Expenses. Board members were reimbursed for travel and other expenses incurred in connection with their duties as Directors to the extent such expenses were submitted to the Company for reimbursement.
The table below summarizes the equity-based awards held by the Company's non-employee directors as of December 31, 2011.
Name
|
Number of Securities Underlying Unexercised Options Exercisable |
Number of Securities Underlying Unexercised Options Unexercisable |
Exercise Price ($) |
Expiration Date | |||||||||
---|---|---|---|---|---|---|---|---|---|---|---|---|---|
Kristine F. Hughes |
| | | | |||||||||
Albert R. Dowden |
25,000 | | 5.35 | 9/24/2019 | |||||||||
Willem Mesdag |
25,000 | | 5.35 | 9/24/2019 | |||||||||
Robert B. Mercer |
25,000 | | 8.79 | 10/14/2020 | |||||||||
Jeffrey D. Watkins |
25,000 | | 5.35 | 9/24/2019 | |||||||||
Mark R. Genender |
25,000 | | 8.88 | 4/21/2021 |
Recommendation of the Board of Directors
The Board of Directors unanimously recommends a vote FOR the election of each of the foregoing nominees to the Board of Directors.
13
PROPOSAL TWO:
ADOPTION OF NATURE'S SUNSHINE PRODUCTS, INC.
2012 STOCK INCENTIVE PLAN
Our Board of Directors is requesting that shareholders approve the implementation of the Nature's Sunshine Products, Inc. 2012 Stock Incentive Plan, under which 1,500,000 shares of Common Stock will be reserved for issuance. The 2012 Stock Incentive Plan was adopted by our Board of Directors and became effective on March 1, 2012, subject to shareholder approval at the 2012 Annual Meeting. The Company's 2009 Stock Incentive Plan, as amended and previously approved by the shareholders, remains effective and the approval by the shareholders of the 2012 Stock Incentive Plan shall not terminate the 2009 Stock Incentive Plan or any outstanding grants issued thereunder. As of March 31, 2012, 24,850 shares remained available for issuance of new grants under the 2009 Stock Incentive.
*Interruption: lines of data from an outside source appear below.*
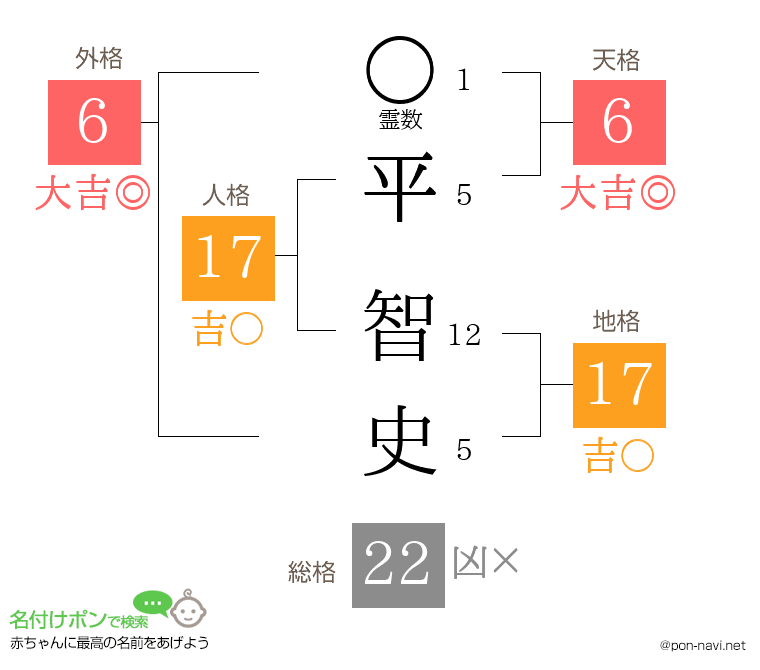 平 智史さんの姓名判断結果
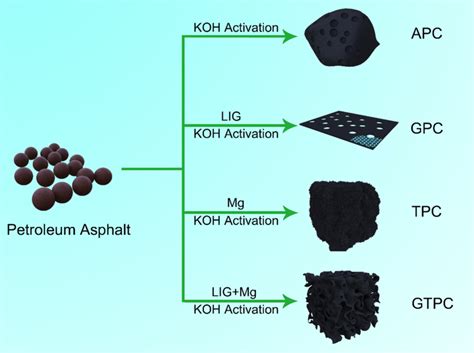 Image result for Synthetic Petroleum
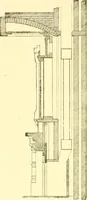 An illustration from The open fireplace in all ages (1886)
However, to the extent any shares of Common Stock subject to awards under the 2009 Stock Incentive Plan that, after the effective date of the 2012 Stock Incentive Plan, are not purchased or are forfeited or reacquired by the Company or are otherwise not delivered due to termination or cancellation of the award, such shares of Common Stock will be added to the share reserve available for award and issuance under the 2012 Stock Incentive Plan, up to a maximum of 400,000 shares.
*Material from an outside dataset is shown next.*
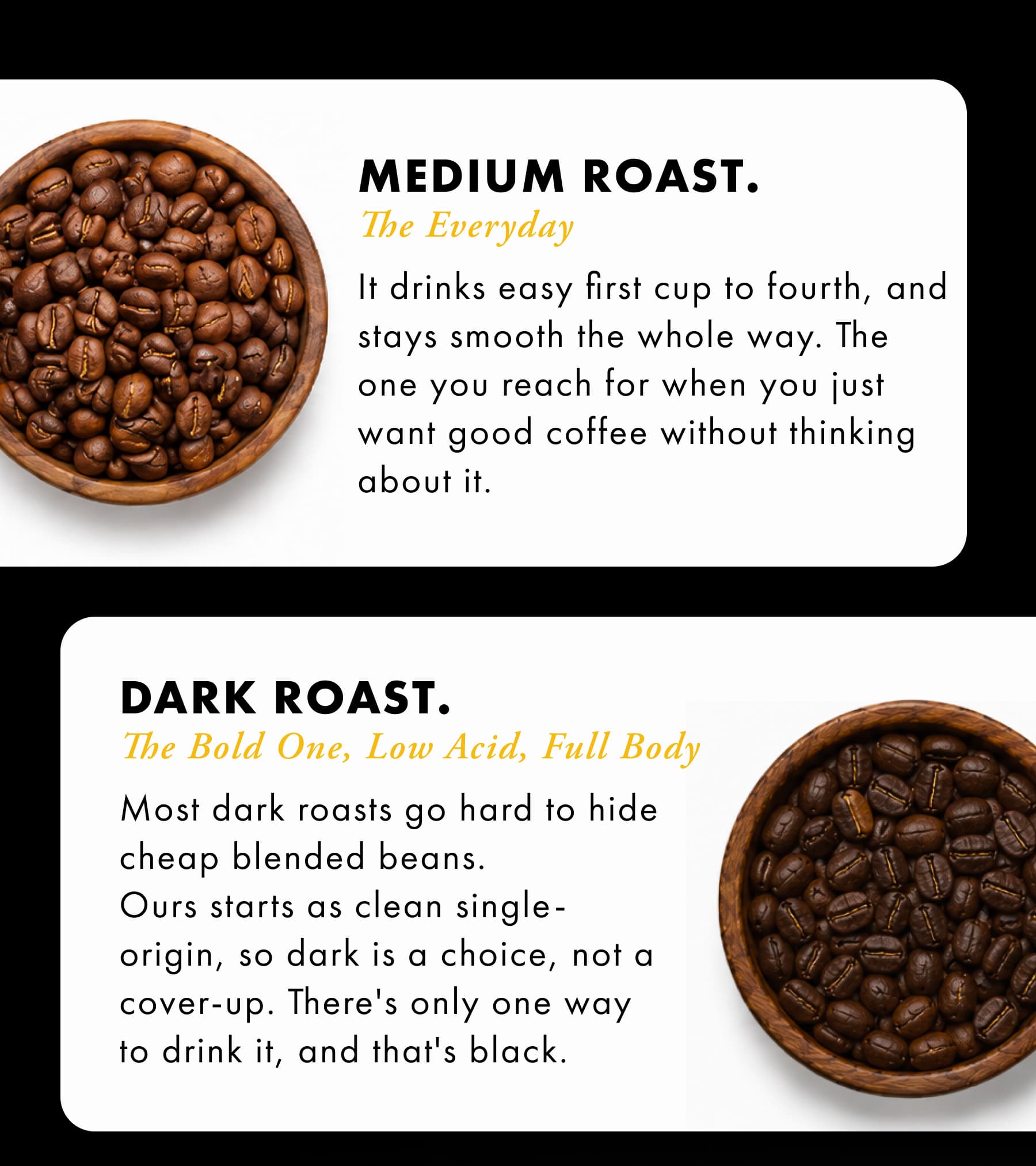 MEDIUM ROAST. The Everyday. DARK ROAST. The Bold One, low acid, full body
Our incentive compensation programs play a pivotal role in our efforts to attract and retain key personnel essential to our long-term growth and financial success. For that reason, we are proposing the implementation of the 2012 Stock Incentive Plan. We have structured the 2012 Stock Incentive Plan to provide us with flexibility in designing equity incentive programs in an environment where a number of companies have moved from traditional option grants to other stock or stock-based awards such as restricted stock, restricted stock units and performance awards. Accordingly, with the 2012 Stock Incentive Plan, we will have a broad array of equity incentives to utilize for purposes of attracting and retaining the services of key individuals.
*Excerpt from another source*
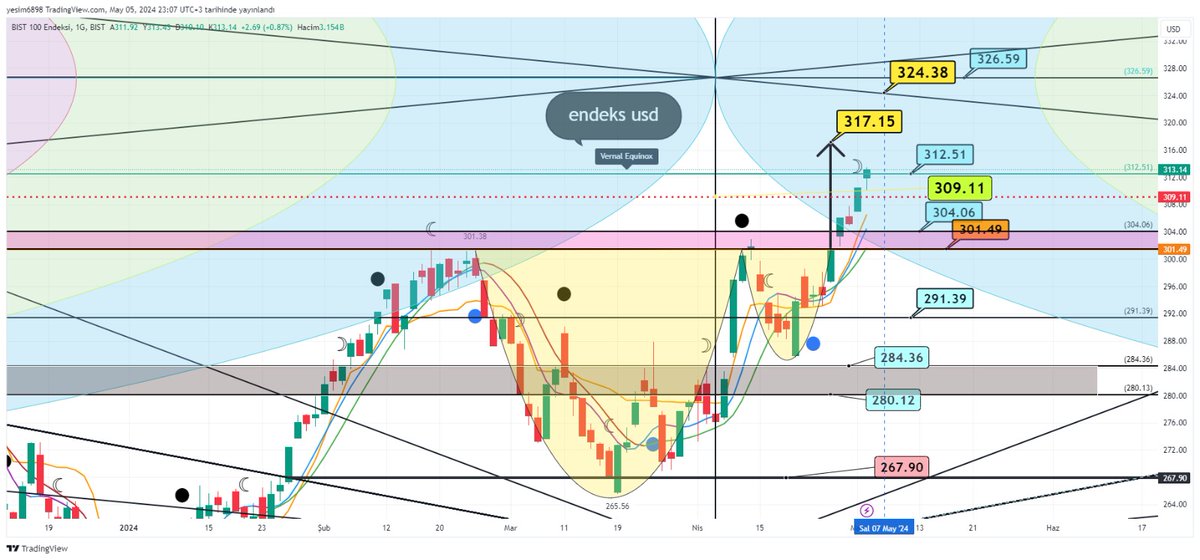Dolar endeks
Kulp derinlik hedefi 317 dolar..
312 direnci üzerinde kapanış  almamız olumlu..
Summary Description of 2012 Stock Incentive Plan
The following is a summary of the principal features of the 2012 Stock Incentive Plan. This description is intended to be a summary of the material provisions of the 2012 Stock Incentive Plan. It does not purport to be a complete description of all the provisions of the 2012 Stock Incentive Plan and is qualified in its entirety by reference to the complete text of the 2012 Stock Incentive Plan, which is contained in Appendix A in this proxy statement.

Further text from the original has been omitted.